↓

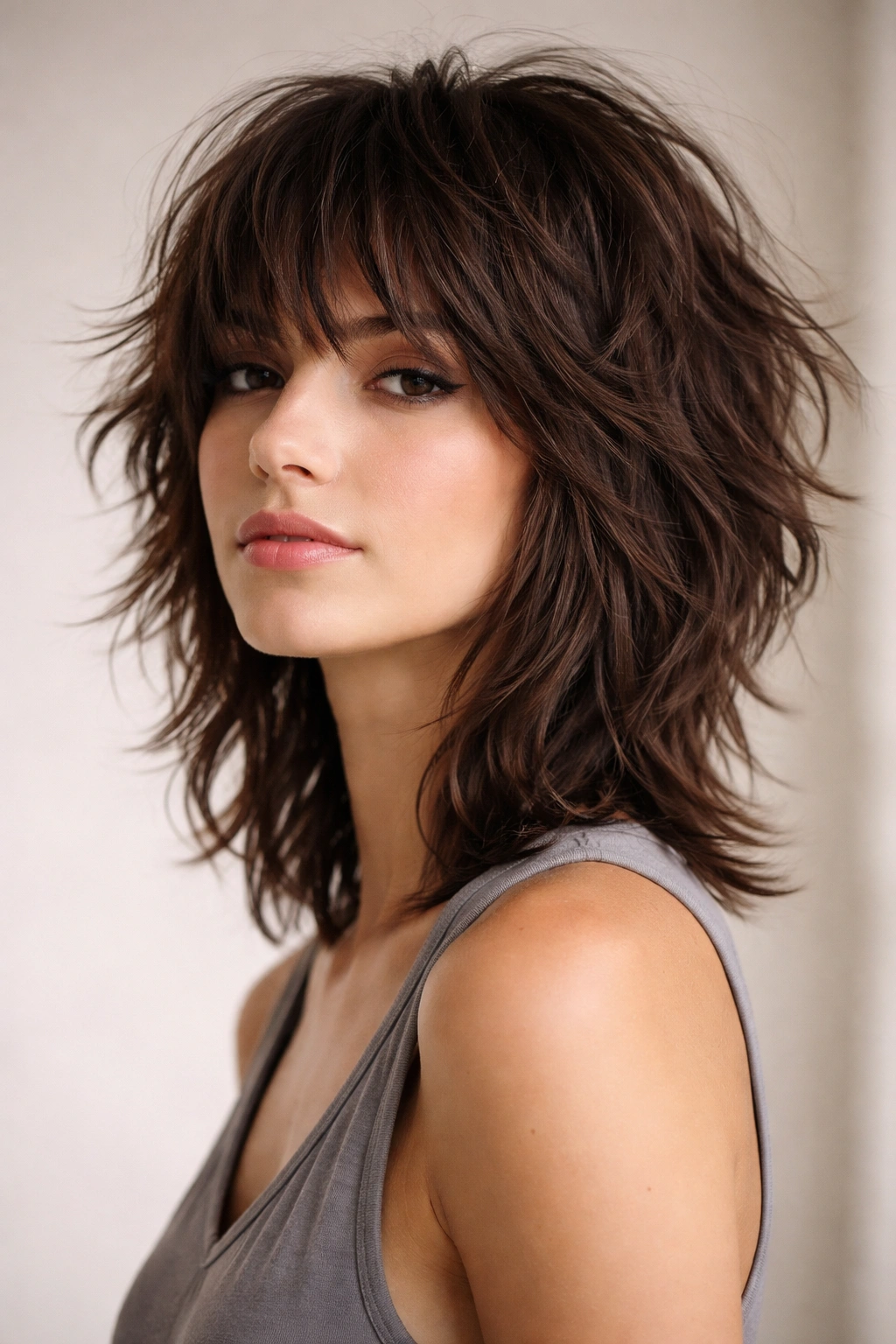 Close-up of a model with a modern shag hairstyle showcasing textured, choppy layers and lifted crown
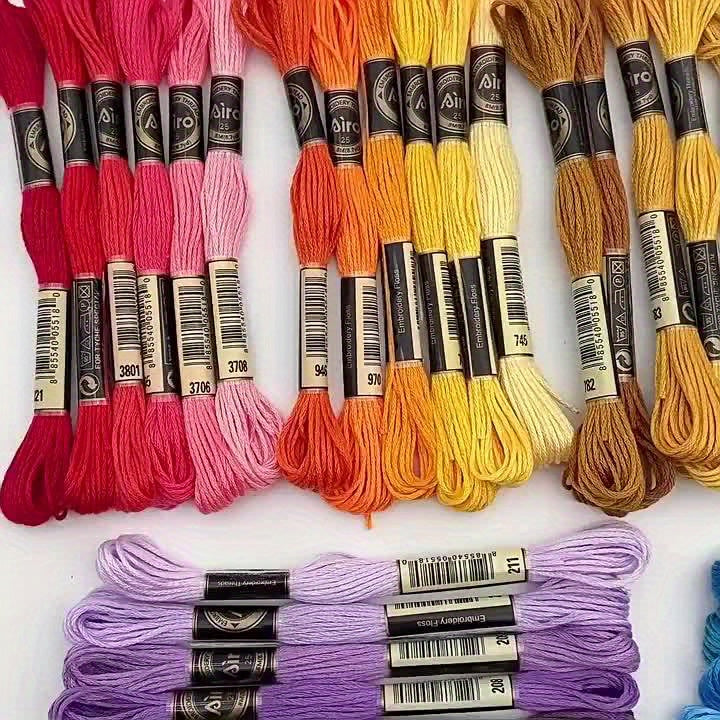 447 color polyester embroidery thread - 50 bundles, bright and colorful mixed, high-quality cross-stitch thread suitable for DIY handicrafts and sewing kits; bright embroidery thread; smooth texture, embroidery supplies
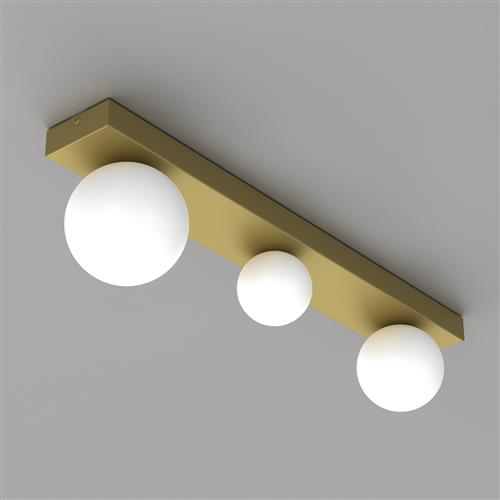 Bibione Gold Rectangular 3-Light Ceiling Fitting MLP8397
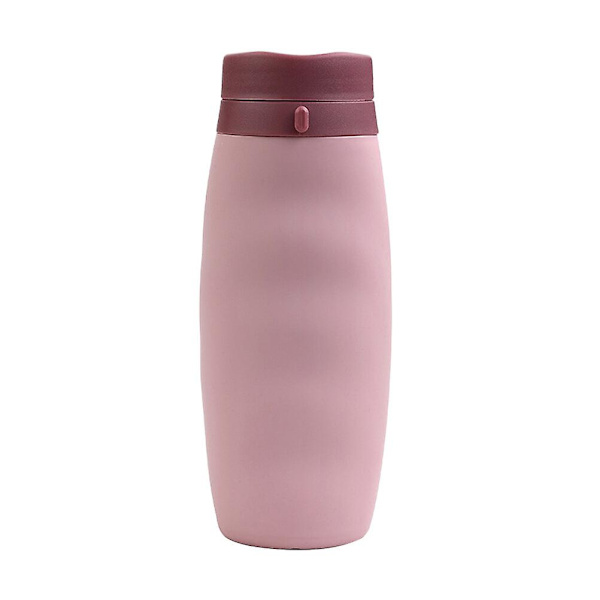 600 ml Bärbar Vikbar Vattenflaska Silikon Dricksmugg Sportflaska Utomhus Kanne Vikbar Pink 20*7CM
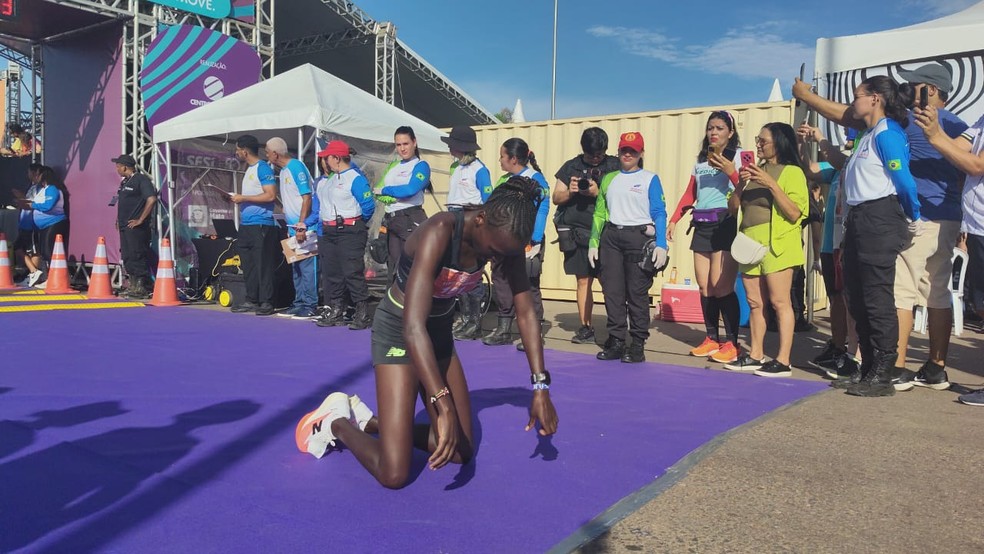Viola Jelagat Kosgei disputou prova pela primeira em Cuiabá na Corrida de Reis 2026 — Foto: Abder Khan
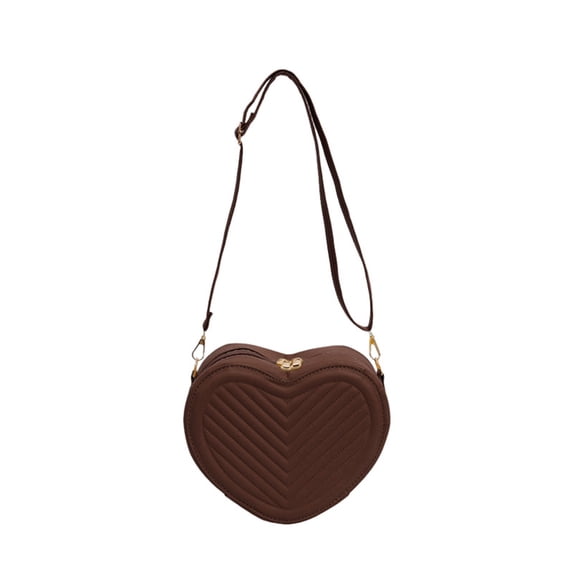 CSStudio Elegant Shoulder Bag Heart Shape PU Leather Small Handbag with Crossbody Strap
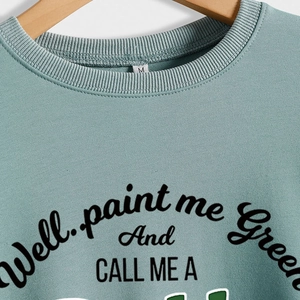Loose fit crewneck sweatshirt in sage green with Well Paint graphic and ribbed neckline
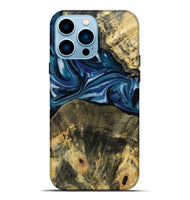 iPhone 14 Pro Max Wood Live Edge Phone Case - Leo (Blue, 814784)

↑

Where the line holding "Viola Jelagat Kosgei" appears, start copying, and continue exactly through the last line of the listing, both ends included, skipping the pictures.

EXPECTED OUTPUT —
Viola Jelagat Kosgei disputou prova pela primeira em Cuiabá na Corrida de Reis 2026 — Foto: Abder Khan
 CSStudio Elegant Shoulder Bag Heart Shape PU Leather Small Handbag with Crossbody Strap
Loose fit crewneck sweatshirt in sage green with Well Paint graphic and ribbed neckline
 iPhone 14 Pro Max Wood Live Edge Phone Case - Leo (Blue, 814784)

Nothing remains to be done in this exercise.